Intersec
- Type: Private
- Industry: Software Telecommunications
- Founded: 2004; 22 years ago in Paris, France
- Founders: Yann Chevalier Jean-Marc Coïc Olivier Guillaumin
- Headquarters: Puteaux, France
- Area served: Worldwide
- Key people: Yann Chevalier (CEO)
- Products: Intersec Agora platform Intersec AI
- Services: Location intelligence Public warning systems Telecom metadata analytics Geolocation software
- Website: intersec.com

= Intersec =

French technology company

Intersec is a French technology company that specializes in AI, metadata and location intelligence services. It is based in Puteaux, France.

==History==
Intersec was founded in 2004 by Yann Chevalier, Jean-Marc Coïc and Olivier Guillaumin. In its initial years, it was mainly known for its SMS software developed for telecom operators. The company has since expanded its operations and now develops software applications that process big data from telecommunications operators internationally.

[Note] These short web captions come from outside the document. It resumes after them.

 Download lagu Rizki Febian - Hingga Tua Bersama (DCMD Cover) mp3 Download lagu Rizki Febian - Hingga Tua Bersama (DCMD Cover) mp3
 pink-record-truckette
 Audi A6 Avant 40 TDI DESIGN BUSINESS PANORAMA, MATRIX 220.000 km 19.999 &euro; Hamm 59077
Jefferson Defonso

In May 2022, Intersec deployed the FR-Alert system, which sends emergency notifications to mobile phones in areas affected by disasters or attacks in France. The company has since deployed national public warning systems in several other countries, including Germany, Croatia, Slovenia, and Luxembourg.

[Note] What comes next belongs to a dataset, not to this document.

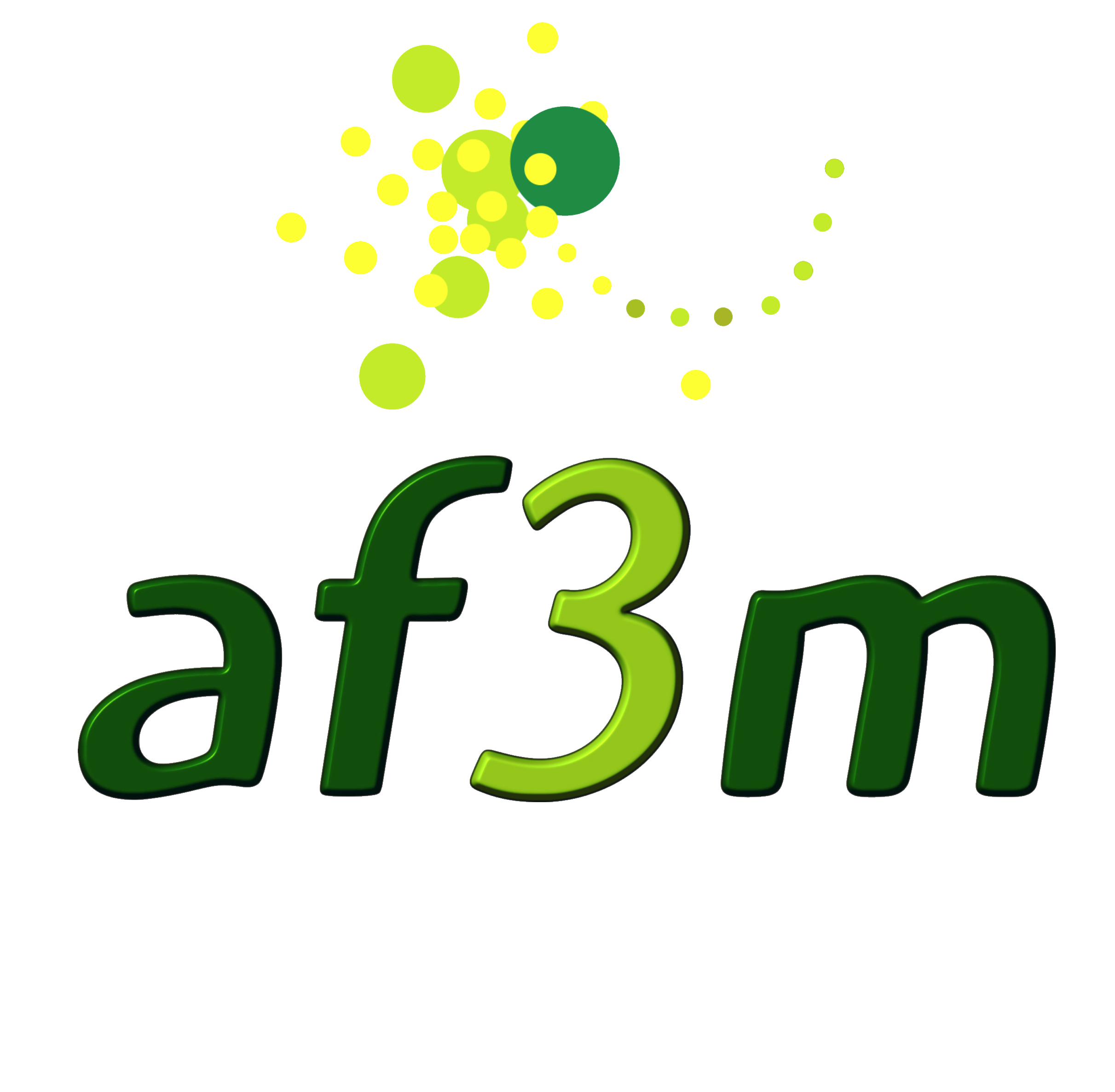 AF3M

In 2023, Intersec became a member of the International Telecommunication Union (ITU) to further adoption of early warning systems. Intersec is also a member of the European Emergency Number Association (EENA), the European Telecommunications Standards Institute (ETSI), contributes to the Linux Foundation's CAMARA project, and has worked with the TM Forum on disaster recovery initiatives. It was also part of the StopCovid contributor ecosystem in France.

==Platform==
Intersec's location platform combines multiple location technologies to determine device location with an accuracy of a few meters in urban areas. It processes telecommunications metadata to enable applications for disaster resilience, emergency services, LEA investigations, and telecom innovation.

In addition to public warning system, Intersec provides geolocation and 5G intelligence services for telecom operators in Europe, the Middle East, North America, and Africa.

In 2025, Intersec launched Intersec AI, designed to enhance capabilities and assist users with domain-specific AI agents. In the same year, Intersec completed its transition to a subscription-based model. It also includes CAMARA-compliant APIs for secure telecom integration.

== Investors ==
Member of the La french Tech, Intersec raised 4 million euros in 2011, followed by 20 million dollars in 2014, and 10 million dollars in 2016.

In 2025, Tikehau Capital and Revaia have agreed to acquire a majority stake in Intersec.